4. Use software to find an optimal solution to \[\begin{array}{rrcrcrcrll} \min & x_1 & + & 4x_2 & + & 3 x_3 & - & x_4 \\ \text{s.t.} & x_1 & + & 2x_2 & - & 2x_3 & & & = & 1 \\ & x_1 & + & x_2 & + & 3x_3 & - & x_4 & = & 5 \\ & & & 3x_2 & + & x_3 & + & 2x_4 & = & 4 \\ & x_1 & , & x_2 & , & x_3 & , & x_4 & \geq & 0 \\ & x_1 &, & x_2 & , & x_3 & , & x_4 & \in & \mathbb{Z}. \\ \end{array}\]

   Below is the Julia code for solving this problem:

   
   using JuMP, GLPK
   model = Model();
   set_optimizer(model, GLPK.Optimizer)
   
   @variable(model, x₁ >= 0, Int)
   @variable(model, x₂ >= 0, Int)
   @variable(model, x₃ >= 0, Int)
   @variable(model, x₄ >= 0, Int)
   
   @constraint(model, c1, x₁ + 2x₂ - 2x₃       == 1) 
   @constraint(model, c2, x₁ +  x₂ + 3x₃ -  x₄ == 5) 
   @constraint(model, c3,      3x₂ +  x₃ + 2x₄ == 4) 
   
   @objective(model, Min, x₁ + 4x₂ + 3x₃ - x₄) 
   
   optimize!(model) 
   if termination_status(model) == MOI.OPTIMAL
     println("optval = ", objective_value(model))
     println("x₁ = ", value(x₁))
     println("x₂ = ", value(x₂)) 
     println("x₃ = ", value(x₃))
     println("x₄ = ", value(x₄))
   else
     println("Unable to find an optimal solution.")
   end
   

   We could also define an array of variables to avoid naming each variable directly:

   
   using JuMP, GLPK
   model = Model();
   set_optimizer(model, GLPK.Optimizer)
   
   @variable(model, x[1:4] >= 0, Int)
   
   @constraint(model, c1, x[1] + 2x[2] - 2x[3]         == 1) 
   @constraint(model, c2, x[1] +  x[2] + 3x[3] -  x[4] == 5) 
   @constraint(model, c3,        3x[2] +  x[3] + 2x[4] == 4) 
   
   @objective(model, Min, x[1] + 4x[2] + 3x[3] - x[4]) 
   
   optimize!(model) 
   status = termination_status(model)
   if status == MOI.OPTIMAL
     println("optval = ", objective_value(model))
     println("x₁ = ", value(x[1]))
     println("x₂ = ", value(x[2])) 
     println("x₃ = ", value(x[3]))
     println("x₄ = ", value(x[4]))
   elseif status == MOI.INFEASIBLE
     println("Problem is infeasible.")
   else
     println("Failed to solve problem.")
   end
   

   Running the code gives \(\begin{bmatrix} 1 \\ 1 \\ 1 \\ 0 \end{bmatrix}\) as an optimal solution.
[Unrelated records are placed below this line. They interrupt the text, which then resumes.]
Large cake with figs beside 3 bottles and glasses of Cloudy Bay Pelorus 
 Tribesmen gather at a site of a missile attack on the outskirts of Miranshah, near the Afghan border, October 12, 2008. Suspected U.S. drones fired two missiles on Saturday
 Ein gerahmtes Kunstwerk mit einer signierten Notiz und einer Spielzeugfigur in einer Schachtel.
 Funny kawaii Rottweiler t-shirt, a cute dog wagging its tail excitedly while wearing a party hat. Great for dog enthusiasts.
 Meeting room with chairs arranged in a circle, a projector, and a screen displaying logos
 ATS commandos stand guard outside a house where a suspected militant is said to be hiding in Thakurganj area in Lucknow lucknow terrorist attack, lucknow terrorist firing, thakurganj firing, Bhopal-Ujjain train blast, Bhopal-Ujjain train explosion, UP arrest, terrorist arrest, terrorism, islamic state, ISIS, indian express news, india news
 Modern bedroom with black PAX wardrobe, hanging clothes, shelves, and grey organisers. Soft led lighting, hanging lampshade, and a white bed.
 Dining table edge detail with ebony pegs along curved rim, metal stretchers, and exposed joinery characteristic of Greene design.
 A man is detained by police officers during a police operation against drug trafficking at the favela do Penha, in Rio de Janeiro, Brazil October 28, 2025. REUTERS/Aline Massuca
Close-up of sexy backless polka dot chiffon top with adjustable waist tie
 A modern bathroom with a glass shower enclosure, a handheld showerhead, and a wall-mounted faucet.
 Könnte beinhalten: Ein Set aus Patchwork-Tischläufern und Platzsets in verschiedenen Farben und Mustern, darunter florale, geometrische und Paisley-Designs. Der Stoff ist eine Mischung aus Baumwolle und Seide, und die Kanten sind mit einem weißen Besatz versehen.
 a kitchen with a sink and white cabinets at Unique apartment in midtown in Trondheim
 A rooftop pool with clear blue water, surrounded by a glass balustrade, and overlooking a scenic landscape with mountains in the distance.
   Modifying the above code by removing Int in the declaration of variables, we obtain \(\begin{bmatrix} \frac{35}{11} \\ 0 \\ \frac{12}{11} \\ \frac{16}{11} \end{bmatrix}\) (after converting the float values into fractions) as an optimal solution to the linear programming relaxation.